Vocalize It

11 01 2008

Close your eyes. Breathe deep. Let the air dance through you, vapors clearing your mind of any errant thoughts. Think of a tree, standing alone, recalcitrant in a field of heather. Approach zen. And think of Nickelback.

Let the coarse lawnmower of Chad Kroeger’s voice pervade your being. Allow yourself to walk alongside him as he leads you through the life of a Rockstar, in the eponymous track.

Shake with the eloquence of the first four lines:
I’m through with standin’ in line,
to clubs I’ll never get in
It’s like the bottom of the ninth
and I’m never gonna win.

One of the most banal of the Pearl Jam and Metallica derivative bands, Nickelback is also one of the most successful. Its peculiar blend of two chords and preschoolish songwriting seems an unlikely combination to sell more than 25 million records. But what Nickelback does possess is access to the culture of masculinity, access granted by Kroeger’s Eddie Vedder rip-off of a voice.

In American pop music, two male vocal styles reign. Just as the socio-economic gradient has polarized, whittling away at the middle class, so have vox. What’s more is that each one of the tones represents the general style of their music.
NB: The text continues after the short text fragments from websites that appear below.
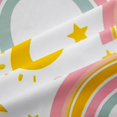 thumbnail image 5 of Manfei Kawaii Rainbow Blackout Curtains, Daisy Stars Moon Curtains Pack of 2 (42x84 Each), White Orange Pink, 5 of 6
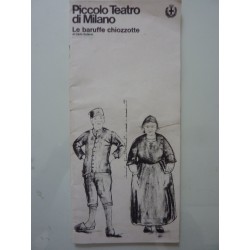 Piccolo Teatro di Milano LE BARUFFE CHIOZZOTTE di Carlo Goldoni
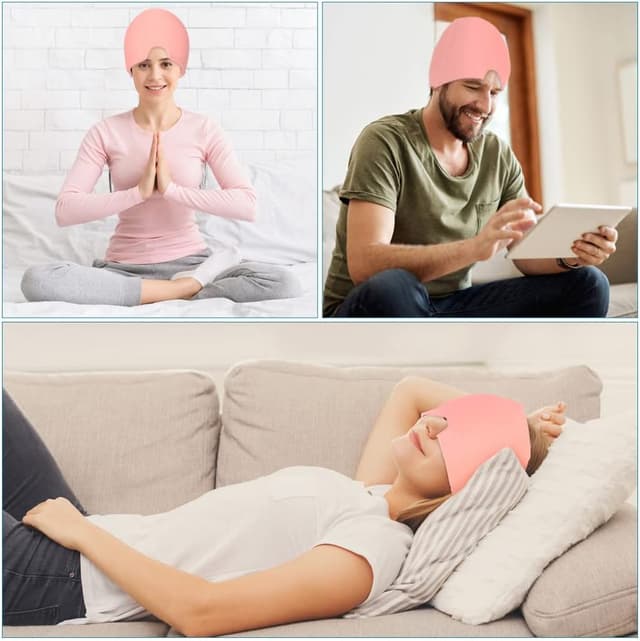 Thumbnail 4 de ACWOO Migraña Gorro de Gel 180° rosa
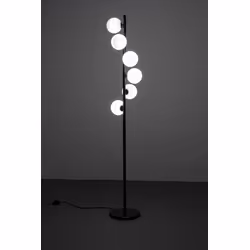 Lampa podłogowa SCALA BALLS - biały/czarny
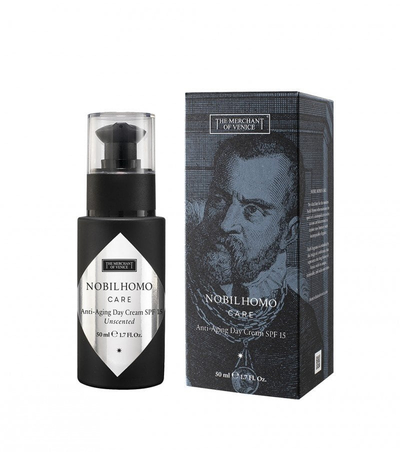 Krem dite për fytyrë The Merchant of Venice Nobil Homo Care kundër rrudhave, SPF 15, 50 ml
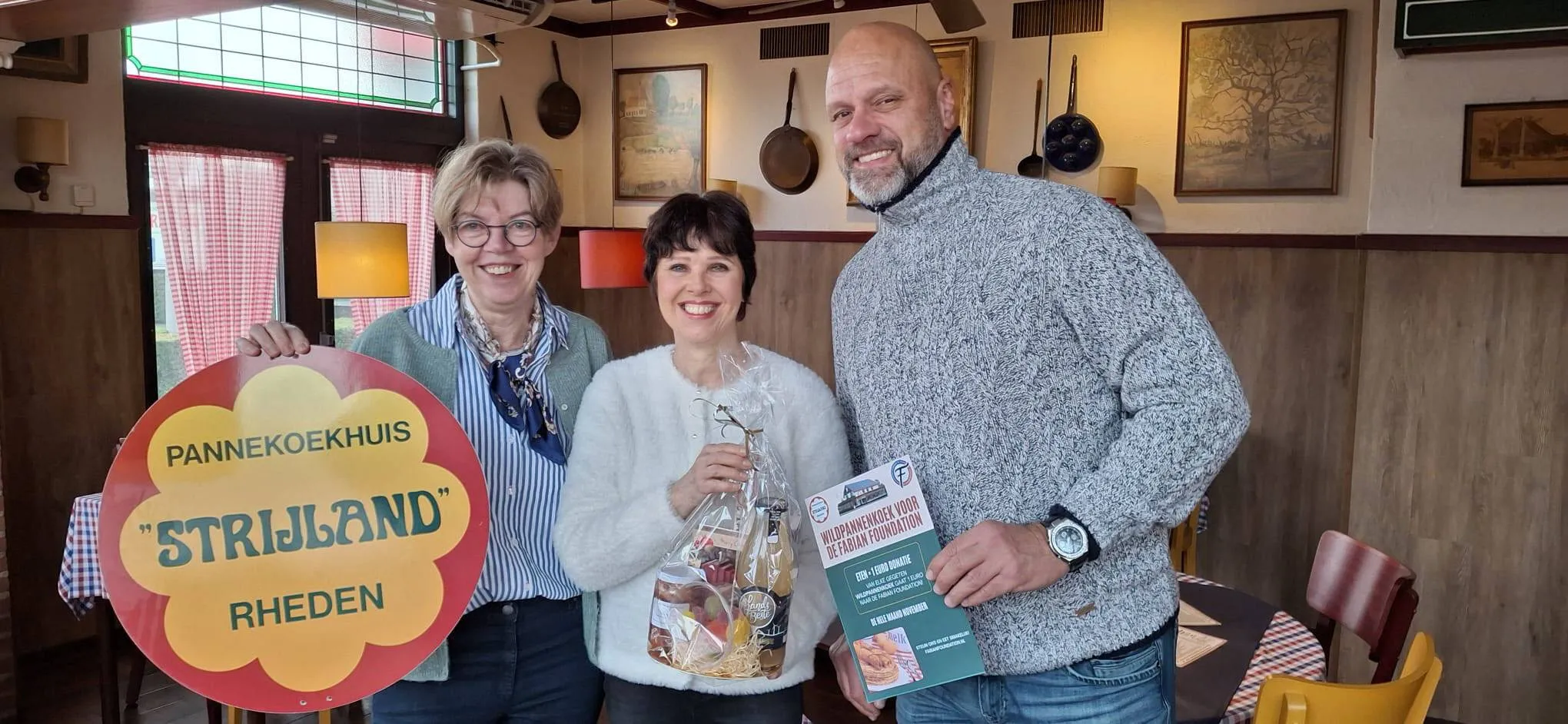 Overhandiging opbrengst Wildpannenkoek - Fabian Foundation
On one side, you have Kroeger’s river-mud thick bass-baritone, sunk deep in the throat, with its attendant masculine, fratty and poorly designed lyrics. Combine it with guitar mush and you’ve got hits. Creed, Godsmack, Three Doors Down — they all put out the same straightforward, down to business music. (Not that that’s a bad thing)
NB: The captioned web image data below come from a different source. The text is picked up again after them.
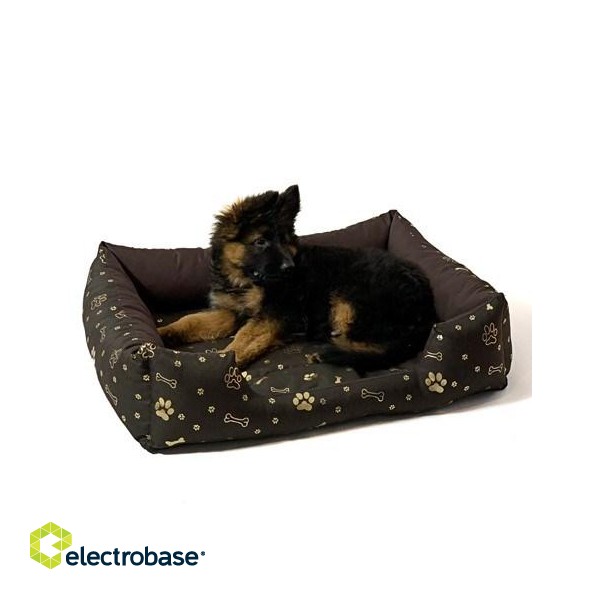 GO GIFT Dog bed XL - brown - 75x55x15 cm paveikslėlis 4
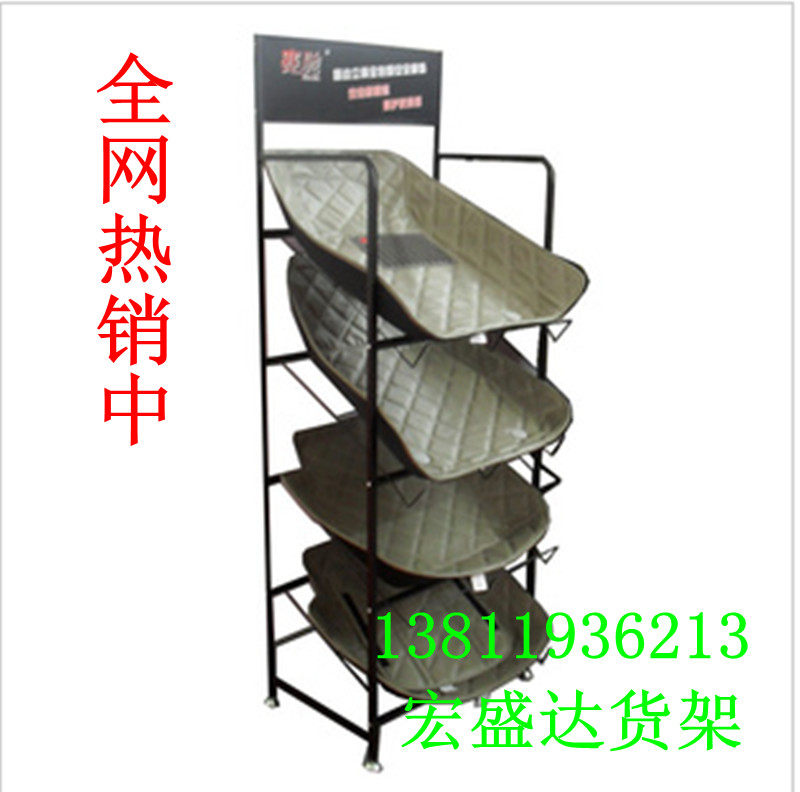 Special car floor mat display rack Large surrounded wire ring floor mat display rack set frame Hanging floor mat cushion display cabinet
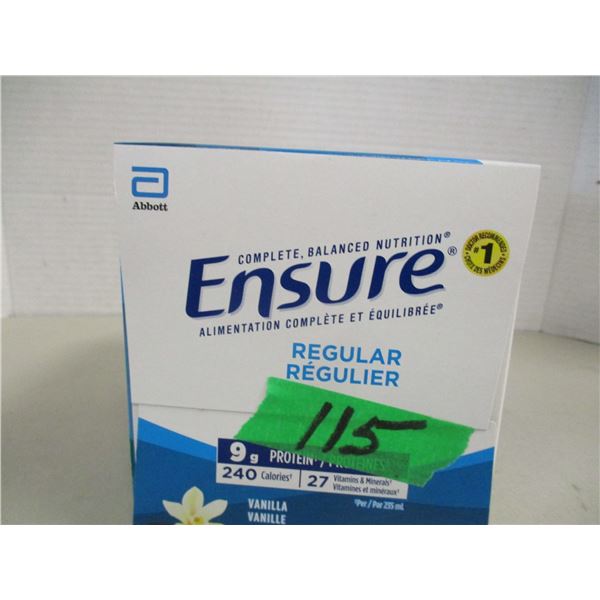 NEW:  ENSURE REGULAR VANILLA FLAVOR (6 BOTTLES X 235 ML) - BUNDLE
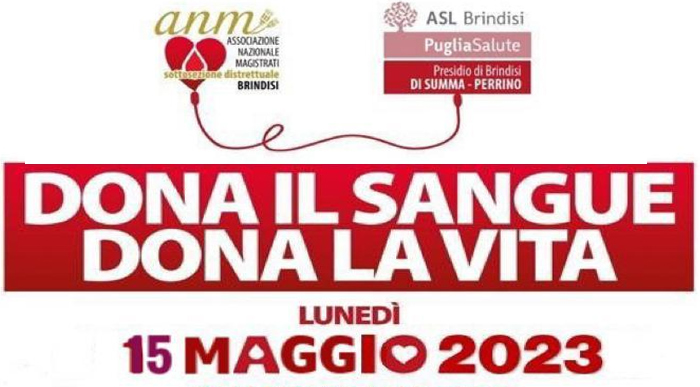 Asl Brindisi, donazione del sangue: raccolta straordinaria in Tribunale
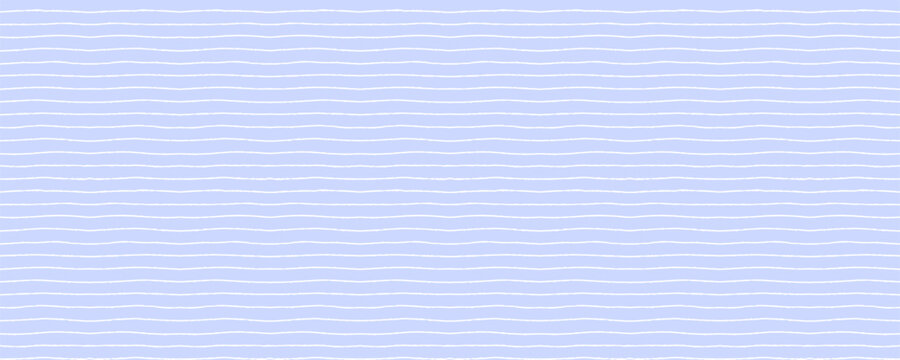 Watercolor baby stripe seamless pattern with soft blue horizontal stripes, hand painted texture. Stripe baby watercolor pattern for nursery fabric or baby bedding.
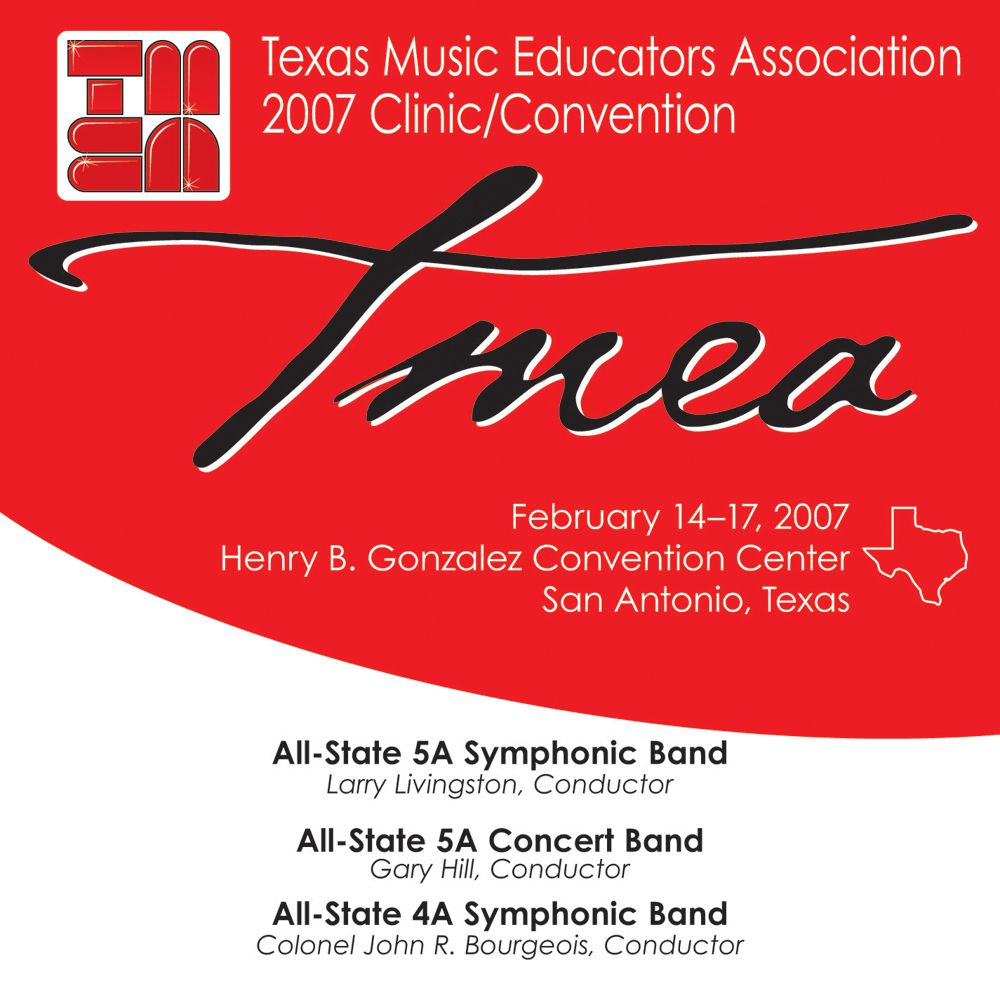 2007 Texas Music Educators Association: All-State 5A Symphonic Band, All-State 5A Concert Band; All-State 4A Symphonic B - cliquer ici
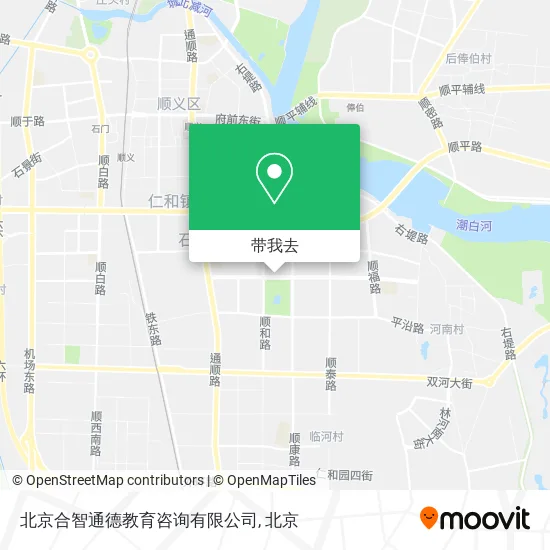 北京合智通德教育咨询有限公司地图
On the other, with the tenor/countertenor purveyed by, say, Ben Gibbard of Deathcab and most emo bands, you see a more emasculated style. It’s a style characterized by more literate, albeit more squirrely, songwriting. These voices sing out lyrics that are filled with equal parts thought and snark. The pretentiousness flows like tears.

This dynamic strikes me as representative of the cultural tension in the US, between the especially practical and the especially thoughtful. It’s a battle that’s raged — coalescing an image of down-to-earth Republicans vs. out-there Democrats — since at least Nixon’s pronouncement of the Silent Majority.

Is this so? I can’t think of any exceptions to this idea right now. It seems that once you go up an octave, you suddenly have to have read Kerouac and Proust and personify each one of your emotions. And once you drop an octave, you have to have done keg stands for the last 12 years in a row in lieu of any reading.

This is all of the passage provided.